Hmmm... what does "with OCR added" mean? If there is text in the video (e.g. street sign) that it can also be searched??

mockingbirdy · on Feb 13, 2021

No, that wouldn't work too well. It's for YouTubers who stream their desktop screens and I need to extract some information to automatically process it. The desktop streams always look very similar so I don't need advanced AI/neural nets to extract that.

ramraj07 · on Feb 13, 2021

This is amazing. I'm going to get this running on my Dropbox. Curious what it gets out of scanned documents as well.

vladoh · on Feb 13, 2021

There is one caveat to be aware of - the image is cropped to a square in the center and scaled down to 224x224. So small details will be lost, for example if you want to run it on scanned documents. Photos work great though.

I tried it on the 2M photos from the Unsplash dataset: https://github.com/haltakov/natural-language-image-search

mandeepj · on Feb 12, 2021

> The tool will download a YouTube video, extract frames at regular intervals

That should be able to scale well :-)

woko · on Feb 13, 2021

For info, the same tool works well with 2 million images found in the Unsplash dataset [1]. Features only have to be computed once for the dataset, and only the feature vector for the user query has to be computed on the fly. Then matching features can be done in a manner that scales well.

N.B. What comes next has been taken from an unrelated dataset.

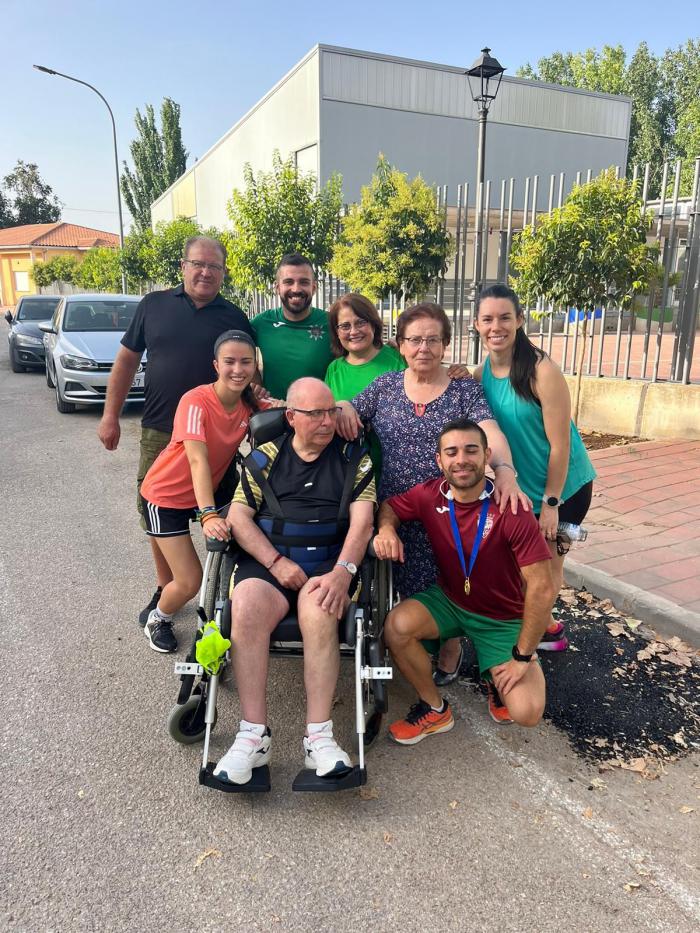 Una asociación de Santa María del Campo Rus dona 1000€ a la Asociación Parkinson de Cuenca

So, the present tool does not scale because the videos are part of the user query, but a company with an easy access to the videos and the computational power to pre-encode the frames as features could create a search engine based on CLIP.

[1] https://github.com/haltakov/natural-language-image-search

vladoh · on Feb 13, 2021

Thanks for sharing! :)

Yes, the feature computation on the images has to be sone only once and the representation is very efficient - 512 float16 values per image.

woko · on Feb 13, 2021

Yes, I know. :D Your previous project with Unsplash made me try a similar approach [1] for banners of video games on Steam.

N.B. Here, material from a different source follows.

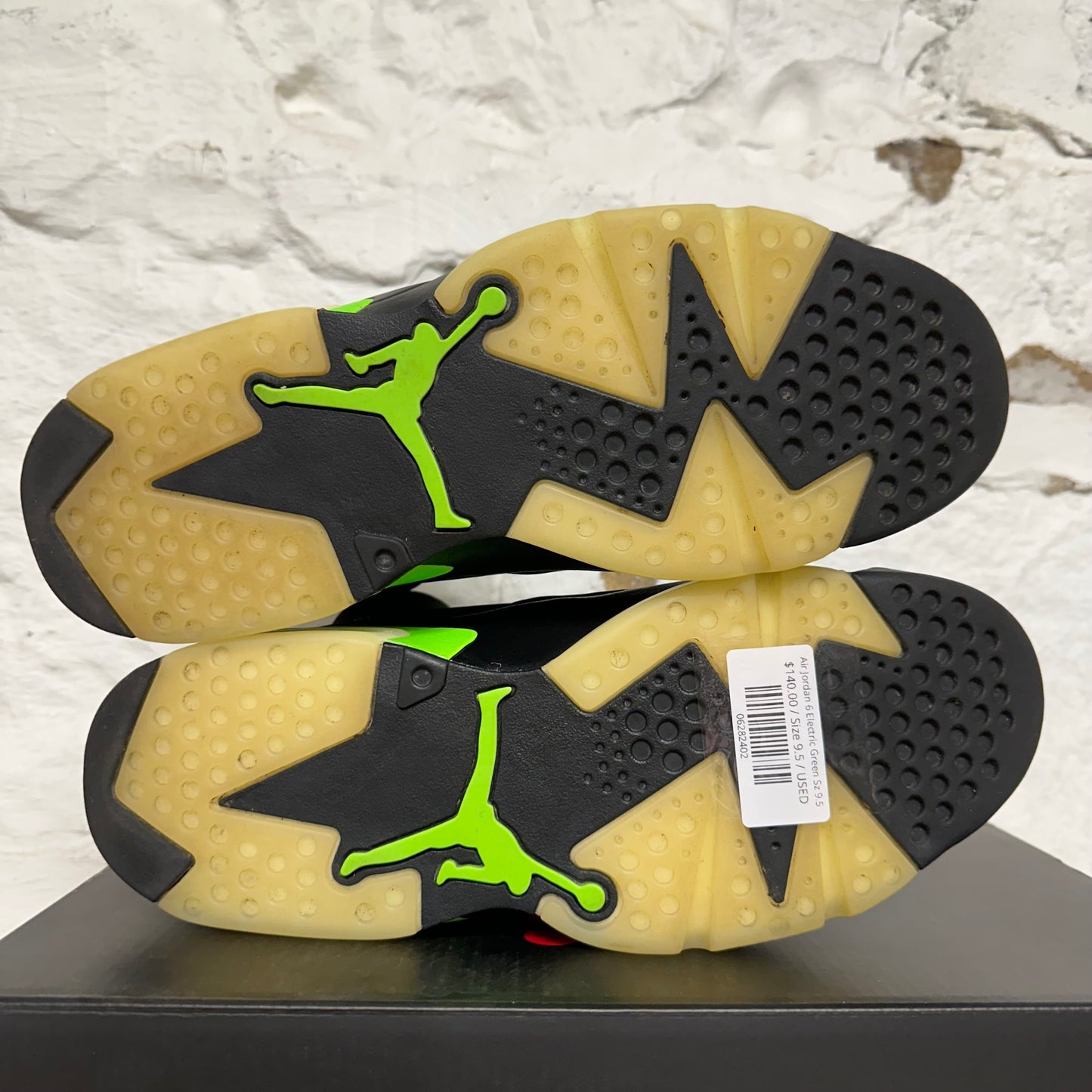 Air Jordan 6 Electric Green Sz 9.5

[1] https://github.com/woctezuma/steam-image-search

vladoh · on Feb 13, 2021

Cool application! I wasn't aware that there are so many images available on Steam...

woko · on Feb 13, 2021

Yes, Steam has grown a lot. Last I checked, there were ~50k apps.

Edit: 50,630 apps according to https://www.gamedatacrunch.com/

As I focused on vertical banners, the list was smaller (~30k apps). This is equivalent to the *lite* version of Unsplash's dataset.

akinhwan · on Feb 13, 2021

Wow what sort of business ideas do you think could come of this?